Delta rebooked them for a flight the next day, but didn't offer Arijit and his wife a hotel room overnight — and when they turned up at the airport, they discovered that their "confirmed" seats weren't confirmed, and unless eight passengers on the oversold flight agreed to fly later, they wouldn't be getting on that plane, either.

It turns out that Delta has a pattern of removing brown people from its airplanes when its pilots and passengers evince thinly veiled (or obvious) racist fears, too.

Having been booted from our flight, the transit police now began to aggressively question us. At one point, I was asked where my brother lives (he was the one who gifted me the shirt). A bit surprised by the irrelevant question, I paused for a moment before answering.

"You had to think about that one. How come?," she asked. I explained he recently moved. "Where'd he move from?" "Michigan," I respond. "Michigan, what's that?," she says. At this point, the main TSA agent who'd questioned me earlier interjected: "He said 'Michigan'." Unable to withhold my snark, I responded with an eye-rolling sneer: "You've never heard of Michigan?"

This response did not please her partner, a transit cop named Mark. Mark grabbed his walkie-talkie and alerted his supervisor and proceeded to request that he be granted permission to question me further in a private room. His justification?: "First he hesitated, then he gave a stupid answer." Michigan, my friends, is a stupid answer.

And then, he decided to drop any façade of fair treatment: the veil was lifted, this was about who I was and how I looked: "And he looks foreign."

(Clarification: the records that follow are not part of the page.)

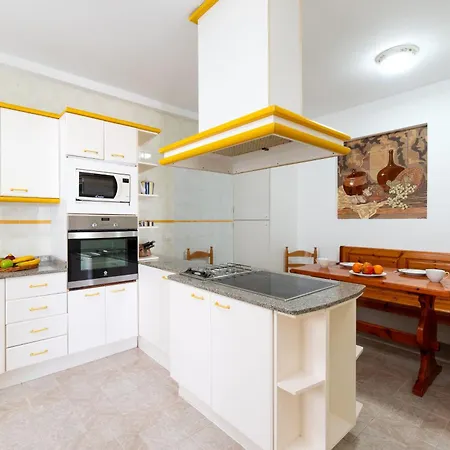 Apartamento Orquidia - Rural Guest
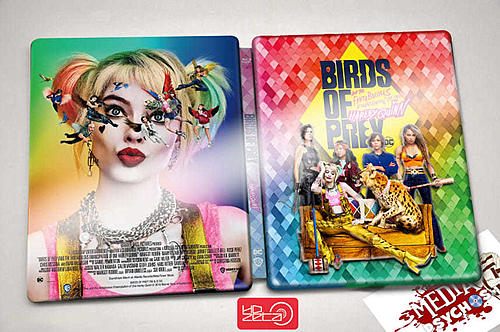 Klicke auf die Grafik für eine vergrößerte Ansicht

Name: Birds-of-Prey-steelbook-HDzeta-1.jpg
Ansichten: 176
Größe: 76,9 KB
ID: 222658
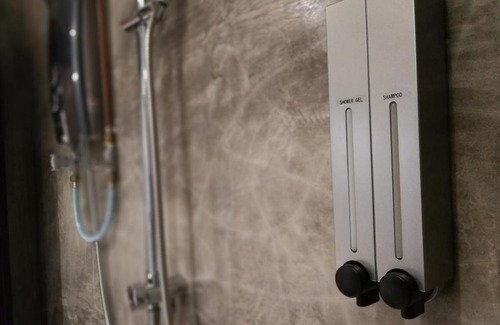 Bukit Kecil Hotel | The Rise Room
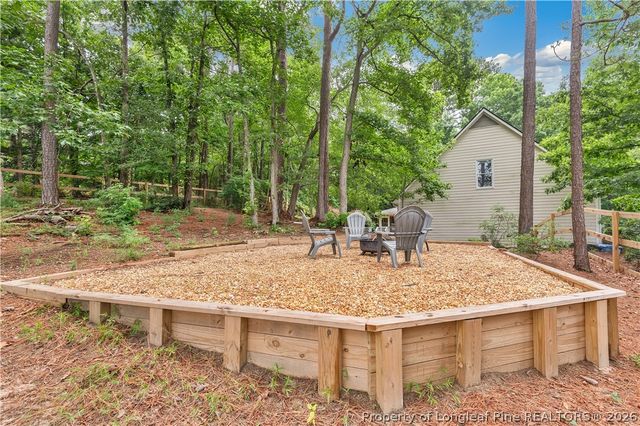 427 Newburgh Drive, Fayetteville, NC 28311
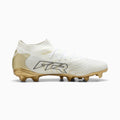 Puma 108713-04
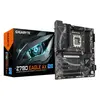Image de Gigabyte Z790 EAGLE AX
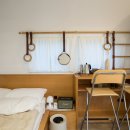 폴리파크카라반 이미지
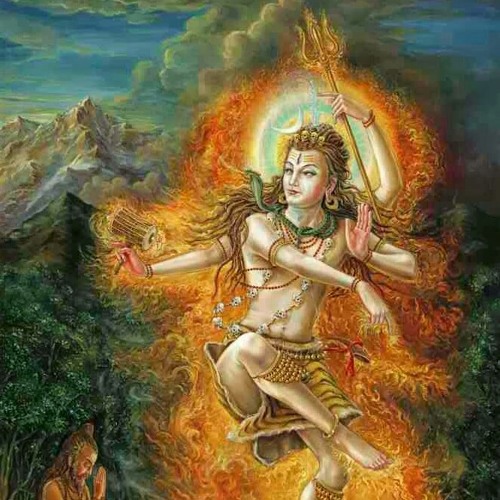 Maha Mritiun Yaia Mantra - Deva Premal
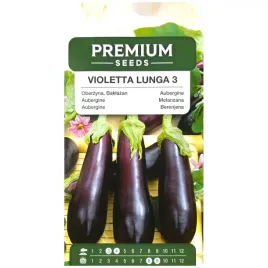 baklazan-violetta-lunga-3-oberzyna-nasiona-1g-premium-seeds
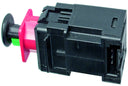 Facet 7.1208 Brake Light Switch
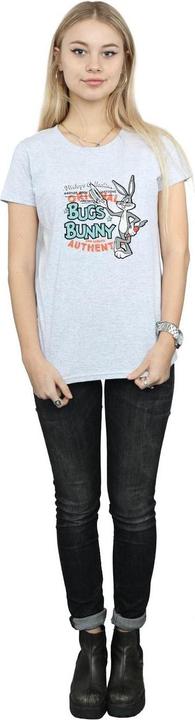 Produktbild Looney Tunes TShirt (S)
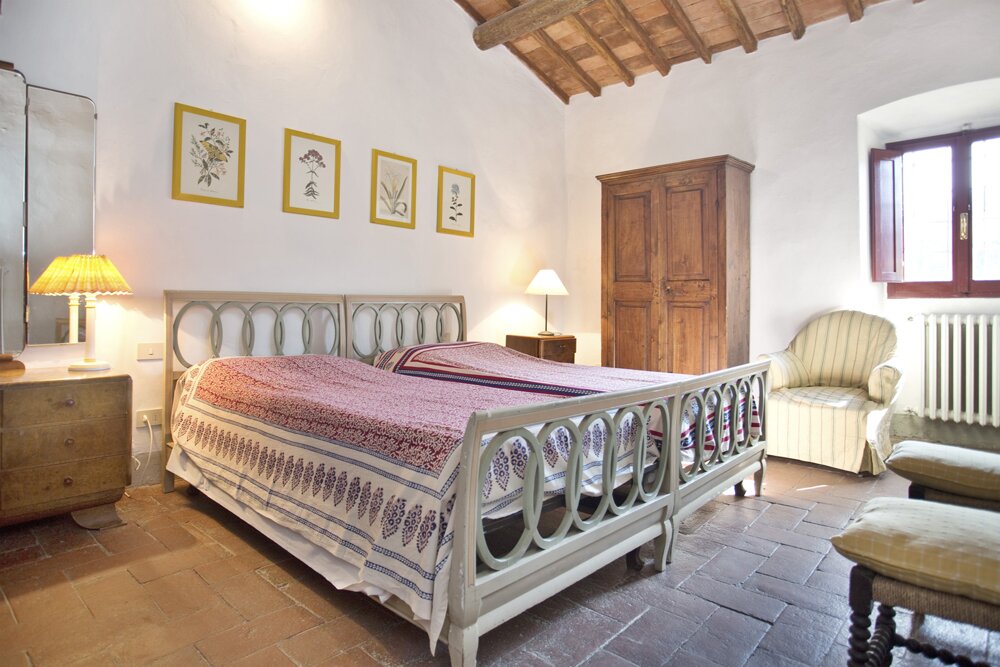 Villa Pellegrini - Image 14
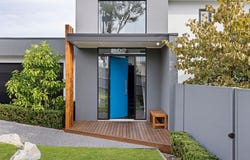5 Manna Hill Court, Mount Eliza, Vic 3930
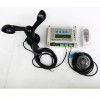SZMWKJ Single Axis Solar Tracker Controller W/ Wind Spd Sensor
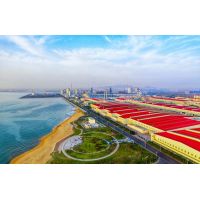 Case Analysis: Rizhao Hongzhou Rubber, Plastic & Hardware Co., Ltd.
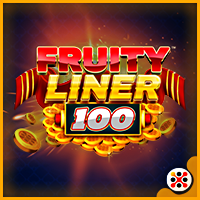 Fruityliner 100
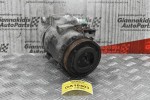 Κομπρεσέρ Aircondition Hyundai Santa Fe 2.2cc CRDI TD D4EB 2005-2012 F500MA5EA07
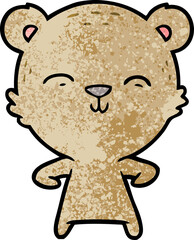 cartoon_stock_2017_010970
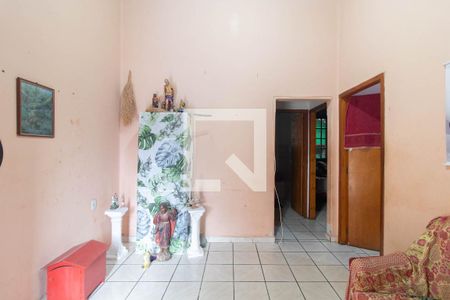 Cozinha de casa para alugar com 2 quartos, 120m² em Glória, Porto Alegre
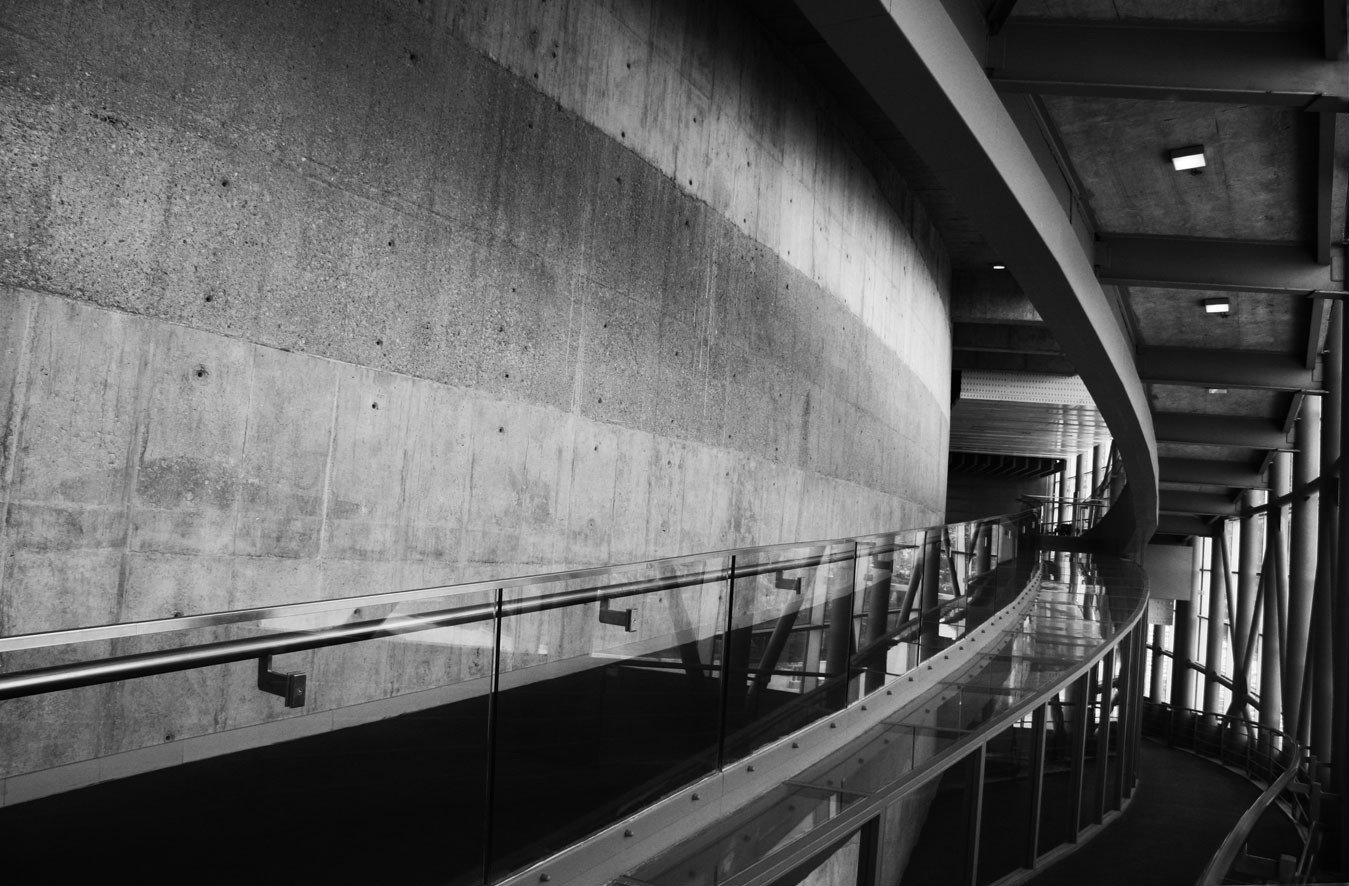 تگ عنوان تصویر 30 3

Well, Buffalo is pretty close to Canada, so maybe he thought I looked Canadian. What does a Canadian look like anyway? Whatever it is, I'm sure that's precisely what he was thinking. Certainly he wasn't implying that dark-skinned people are not real Americans and that white people are the only true Americans. (I wonder what those who settled this land well before the arrival of Europeans would have to say about that.)